With nearly two-thirds of accounting firm owners being baby boomers starting to retire and each vendor averaging around 15 or more enquiries, there are plenty of opportunities to sell, although the sellers may not be able to influence the price.

Things you should consider before you sell

Deciding to sell your practice is a big decision, one that takes a lot of planning and preparation. Here are a few things that you should consider before you decide to sell:

  • Is selling your practice the right decision? – Is it the right decision for your future? Would internal or external succession be more appropriate?
  • Are you prepared or can you get prepared for a sale? – Is it the right time for you to sell? How long would you need to get all of the necessary things in place?
  • How might your staff and clients react? – Both feature prominently in a buyer’s decision so how can you provide some assurances?
  • Are your clients of a high quality? – Are your clients spread over a range of industries? Do you have many clients paying monthly via direct debit? Do you have a client base that is ageing overall?
  • What are you looking for in a buyer? – Do you want them to have a similar approach and value to your practice? Do you want them to keep the practice largely intact? Do you want them to pay more upfront?
  • What would be the best deal for you? – Do you want to minimise your risk around clawback? Do your employees have a continuity of service?
  • How can you increase your selling price? – Do you have a high proportion of clients about to exit your business? Do you want to get paid 100% upfront and/or don’t want to be involved in much of the handover?

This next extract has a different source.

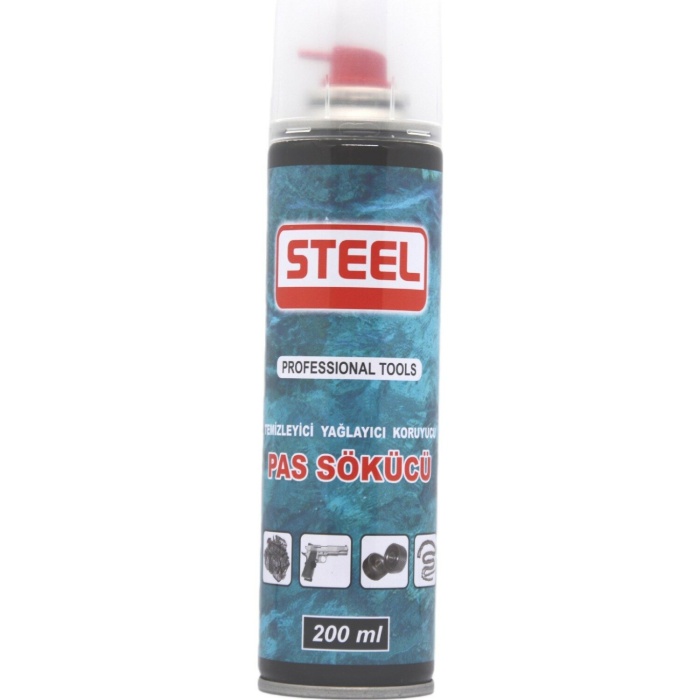 STEEL CK-3483 PAS SÖKÜCÜ SPREY 200ML*12X8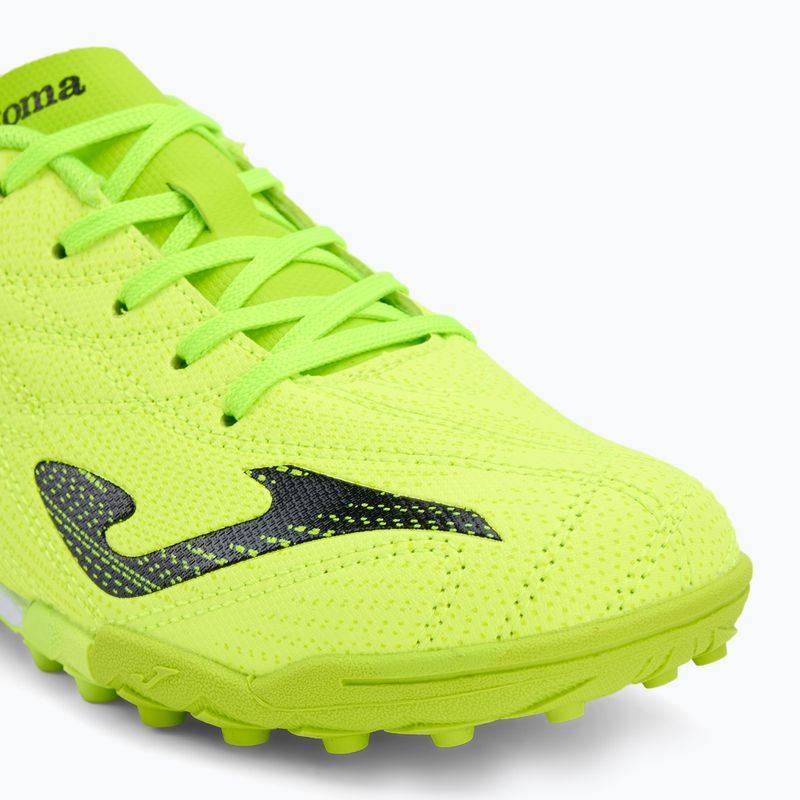 Buty piłkarskie dziecięce Joma Evolution Jr TF fluor green 7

How to get the best selling price

As it’s a sellers’ market, buyers aren’t going to be limited with choice when it comes to accountancy practices to purchase.

Here are six ways that you can beat the competition and ensure that yours is one they will want to snap up:

1) Make sure your house is in order – are your time sheets up to date and are all potential bad debts settled? Are all your systems fully compliant? Are your systems well-known and modern? Being organised and up to date shows how efficiently your practice is run and how much potential profit could be made to the buyer.

2) Look at your charge-out rates – are they competitive on the current market? Make sure you are not undercharging as this will put off potential buyers as they will have to increase the rates later which may potentially lose them clients. This may result in losses for you too under the clawback clause in the deal.

3) Review your client base – are they spread out over a range of industries? Are they ageing overall? Younger clients in a range of industries are most appealing to buyers as this is far more valuable and reassures them of their position if in the event of an economic downturn.

4) Check the quality of your staff – do you have an excess of staff? Are your current staff performing well? What is the cost of payroll versus turnover? If you are employing new staff, make sure they are of a very high quality as this is of principal interest to the buyer. The buyer won’t want to take on too many staff as they will have to make redundancies, so review the amount you have and consider what you can do to make the sale more attractive. A payroll cost of a third of turnover is considered about right so check that this is the case for your practice.

5) Do your research – is selling the best option for you, your client, your staff, and your firm? Look at all of your options and seek the advice of a reputable broker who specialises in accounting.

6) Decide how you will approach your sale – think about what is the best deal for you and work with a broker throughout the selling process so that they can negotiate a deal as close to your ideal as possible.  

Selling an accountancy practice is complex

Buyers will only pay what they think your accountancy practice is worth, so it is down to you as the seller to do everything that you can to increase your value and make the deal all the more attractive.

To get the best price when selling, ensure that the quality of your fees is high, you have an easily transferrable record, you have good client relationships, you have a potential for growth, and you guarantee an effective handover.

All these influencing factors will ensure that you then have a bottom line payout.